Embedded serial interconnects like I²C and SPI have been employed for many years for intra-board communications. They are primarily used as communications buses between sensors and user interface devices and their control processors. The number of sensors in typical systems has grown to ten to twenty in a phone and significantly more in vehicles. At the same time, communication requirements have become more challenging for designers as the demand increases for higher speed, lower power consumption, and fewer conductors. Designers must meet these demands while maintaining processor control via interrupts and enable lines (Figure 1).

Figure 1: Embedded communications should support higher speeds, lower power, and a minimum wire count. (Image source: NXP Semiconductors)

Current technology implements the sensor and user control device interface using two-wire I²C or four-wire SPI interfaces. Interrupt, enable, and other control lines are separate from the clock and data lines, resulting in more lines per interface.
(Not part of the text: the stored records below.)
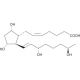 19(R)-Hydroxy-prostaglandin F2α (CAS 64625-53-2) - chemical structure image
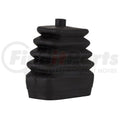 RUBBER BOOT COVER FOR B206301 SINGLE AXIS REMOTE VALVE CONTROL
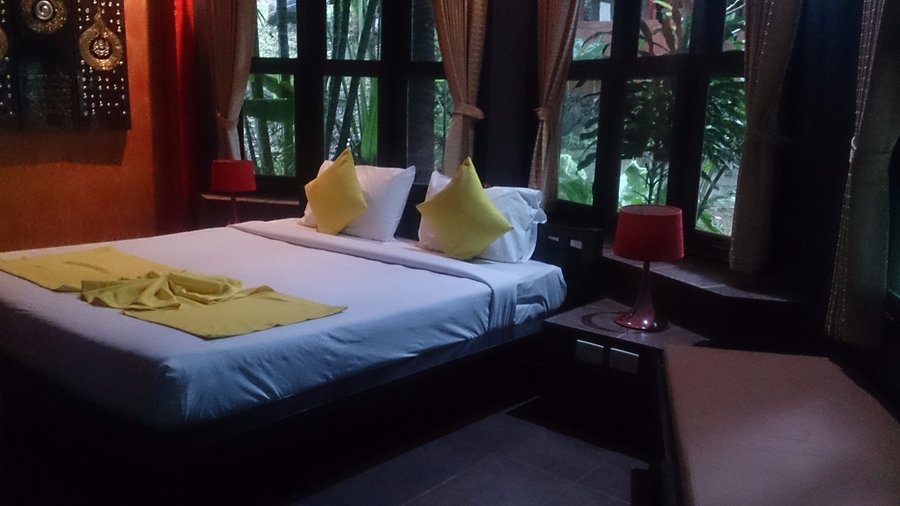 Fair price for such room, clean and stylish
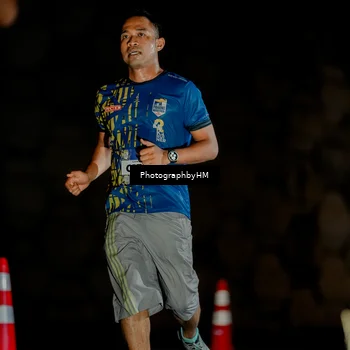Runner Photo 5792594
Designers need a more forward-looking interface approach that eliminates these extra conductors from the interconnects and handles those operations in-band using only the clock and data lines. Additionally, the bus should be able to operate at higher speeds and with lower power losses.

I3C interface

I3C was developed by the Mobile Industry Processor Interface (MIPI) Alliance to address these requirements. The interface is available both as MIPI I3C to MIPI members, and as MIPI I3C Basic with reduced functionality to non-members. Like the legacy I²C and SPI interfaces, the improved form is serial and is implemented using two wires to minimize pin counts and the number of signal paths between components. It has a data rate up to 12.5 Mbits/s with a 12.5 megahertz (MHz) clock using single data rate (SDR) mode. It operates at lower power levels and uses a simple yet flexible design architecture.

Notably, the I3C standard retains limited backward compatibility with the I²C system, allowing existing I²C devices to be connected to the I3C bus, while still allowing the bus to switch to higher data rates for communication between compliant I3C devices. A comparison of the system configurations is shown in Figure 2.
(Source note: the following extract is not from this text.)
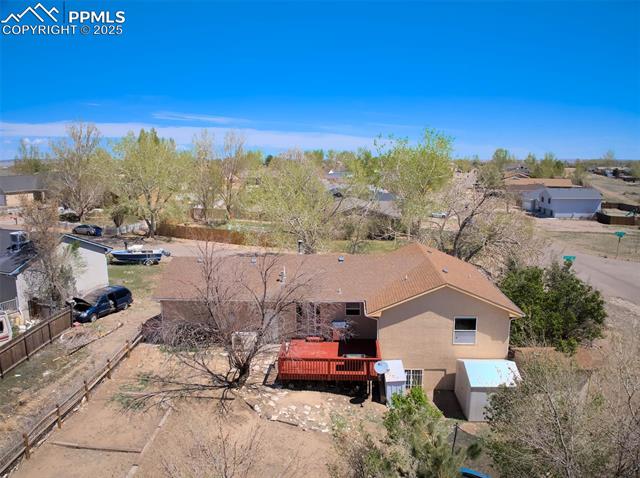MLS Image for 781 S Blakeland  ,Pueblo West, Colorado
Figure 2: Comparing the basic configurations of I3C, I²C, and SPI interfaces shows I3C’s improved speed and simpler wiring. (Image source: NXP Semiconductors)
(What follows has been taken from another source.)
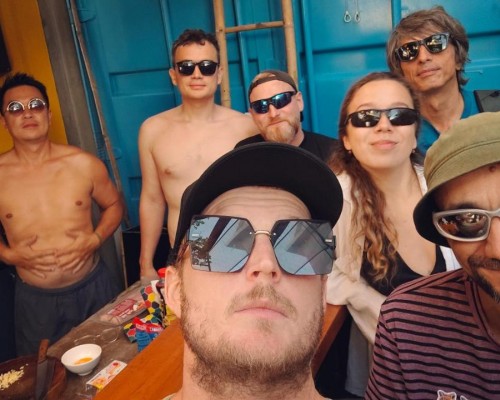 Ccasa Hostel в Нячанге: что важно знать перед бронированием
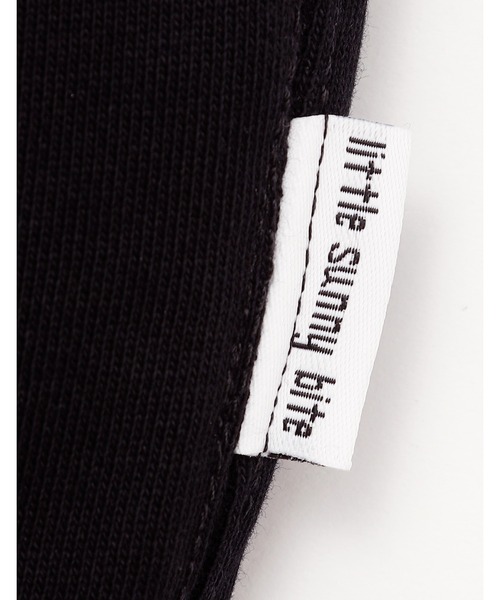 ARCHIVER(アーカイバ)の「【RS】【Little Sunny Bite】 Valerie Phillips x little sunny bite photo sweat top(スウェット・レディース・ヘザーグレー・SMALL/MEDIUM)」の11枚目の写真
The four-wire SPI interface can operate faster and supports full duplex communication. I²C communicates using half duplex over a two-wire bus consisting of a clock (SCL) and data (SDA) lines. Both require extra lines to support interrupts and other control functions such as chip select. I3C reduces the number of wires used in the interface to two, eliminating the separate interrupt, enable, and chip select lines used in I²C and SPI. This reduction in wire count is a significant advantage in a system requiring ten to twenty individual sensors tied to the processor, each with several secondary wires. Interrupts and other control lines are replaced by IBIs. In this method, a target sensor or device imposes its address into the I3C bus address header to notify the processor of an interrupt.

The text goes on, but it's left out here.